Yen Shisan, meanwhile, is told that Ah-Chi is, in fact, Shao-Feng, his rival, and resolves to take him on, even though, having taught Shao-Feng his techniques, he believes he cannot win.

Shao-Feng returns to the village to sleep, where Hsiao Li attempts to seduce him (not for the first time), but before the seduction can be completed, Chiu-Ti arrives and attacks. Yen Shisan spirits Shao-Feng away to save his life, but this proves disastrous for the village, which is burned to the ground and nearly all its inhabitants slaughtered by Chiu-Ti's warriors. Shao-Feng arrives with Yen Shisan at the burned-out village, and is able to save only one person — Hsiao Li, who is barely alive, but returned to health with Yen Shisan's magic pill.

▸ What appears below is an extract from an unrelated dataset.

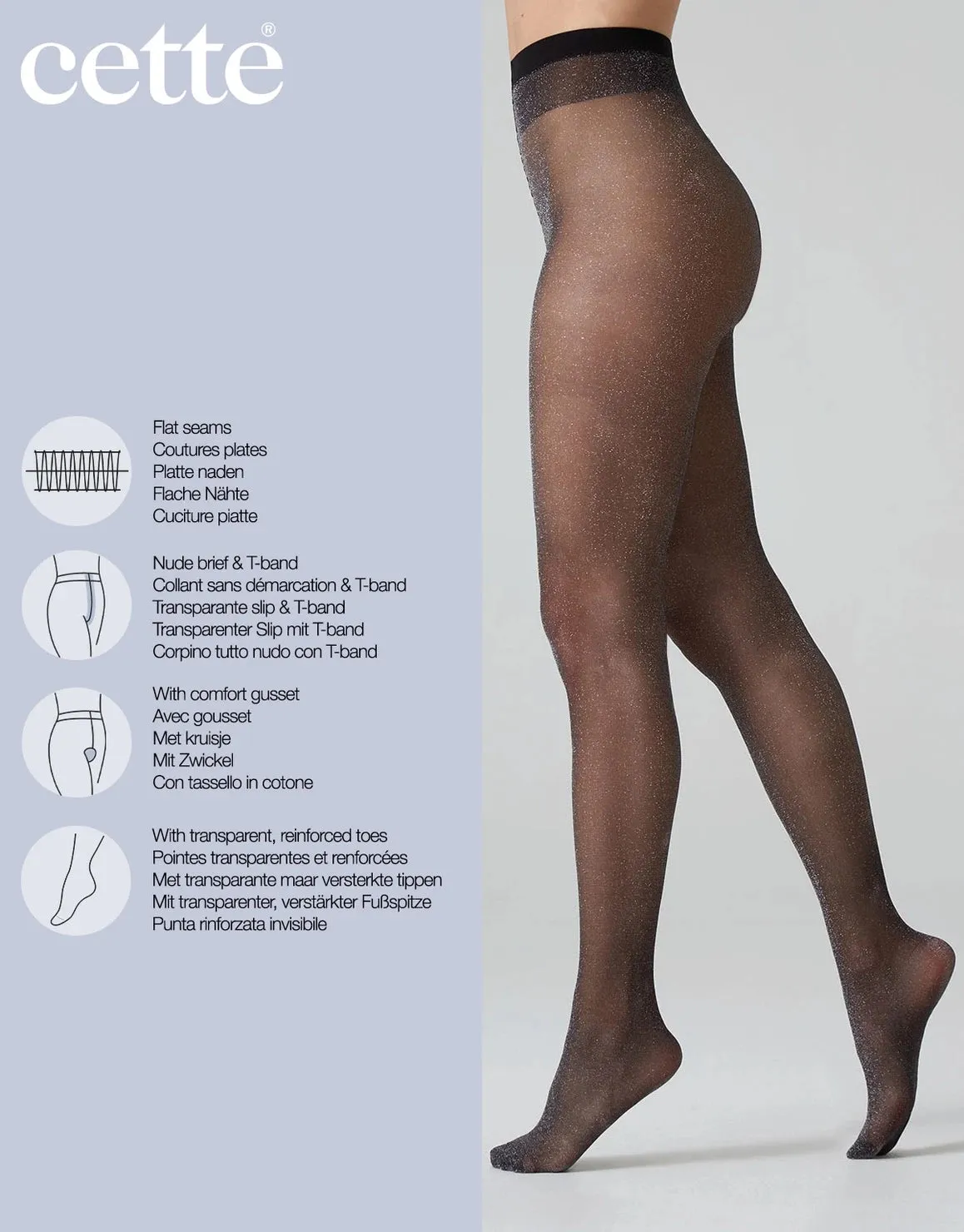 Hollywood Lurex Shiny Sheer Tights - 20 DEN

Yen Shisan and Shao-Feng talk of the impending attack of Chiu-Ti's warriors and Divine Might on his home, and Shao-Feng's unwillingness to fight — and Yen Shisan convinces Shao-Feng that with his great skill and two kung fu techniques, he can defeat all the forces arrayed against Supreme Sword Manor without killing.

Supreme Sword Manor is attacked, and its forces slaughtered and driven back by the combined power of Chiu-Ti's warriors, now working with Divine Might's masked fighters, until Yen Shisan arrives just in time to prevent an honor-saving suicide, and Shao-Feng defeats the combined attackers easily, unmasking Divine Might's warriors as the branded rejects from Supreme Sword Manor, and in the ensuing conflict, Chiu-Ti accidentally stabs her chief servant (and rejected lover) fatally, and faced with one final rejection; he stabs her in the back, resulting in her dying in Shao-Feng's arms in one final marriage.

Shao-Feng, now dressed in the black and white robes of a wandering swordsman, fights his duel of destiny with his friend and rival Yen Shisan; both swordsmen fight their utmost, and Yen Shisan is finally disarmed and killed, dying, as he wished, with honor on a sword he respected. Shao-Feng swaps swords with the dead Yen Shisan at his gravesite, and in the penultimate scene, goes to his life as a wandering swordsman with his burn-scarred companion, Hsiao Li. "Where are we going," she asks. "We'll right wrongs and fight for justice," he answers. "Will you kill people?" she asks. "I will save them," he says, and the final scene consists of vines falling in a forest to reveal the face of Goddess Kuan Yin, the Bodhisattva of Compassion.

==Cast==
- Lin Gengxin as Hsieh Shao-Feng / Ah Chi
  - Chen Moyan as Shao-Feng (teen)
  - Harashima Daichi as Shao-Feng (juvenile)
- Peter Ho as Yen Shisan the assassin
- Jiang Yiyan as Mu-Yung Chiu-Ti
  - Zhang Ziyu as Chiu-Ti (teen)
  - Song Yiren as Chiu-Ti (juvenile)
- Jiang Mengjie as "Princess" Hsiao Li / Sweetie
- Norman Chui as Cult (Hsieh Clan & Supreme Sword Manor) Leader Hsieh, Shao-Feng's father
- Nina Paw as Hsiao Li's mother
- Ma Jingjing as Miao Tzu, Hsiao Li's brother
- Lai Jiatong as Nameless
- Hong Mu as Madam Mu-yung

==Production==
The film was produced at the Hengdian World Studios. Principal photography started from 13 April 2014, and wrapped up on 8 September 2014 after 122 days of filming.

==Reception==
The film grossed US$14,714,624 at the worldwide box office, including in China ($14,502,045) and in the United States.